**Recorded information:**
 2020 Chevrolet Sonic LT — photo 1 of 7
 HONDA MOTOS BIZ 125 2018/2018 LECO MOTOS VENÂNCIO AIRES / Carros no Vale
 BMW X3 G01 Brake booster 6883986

**Task item:** Every line of the data must be reproduced exactly.

**Task output:**
 2020 Chevrolet Sonic LT — photo 1 of 7
 HONDA MOTOS BIZ 125 2018/2018 LECO MOTOS VENÂNCIO AIRES / Carros no Vale
 BMW X3 G01 Brake booster 6883986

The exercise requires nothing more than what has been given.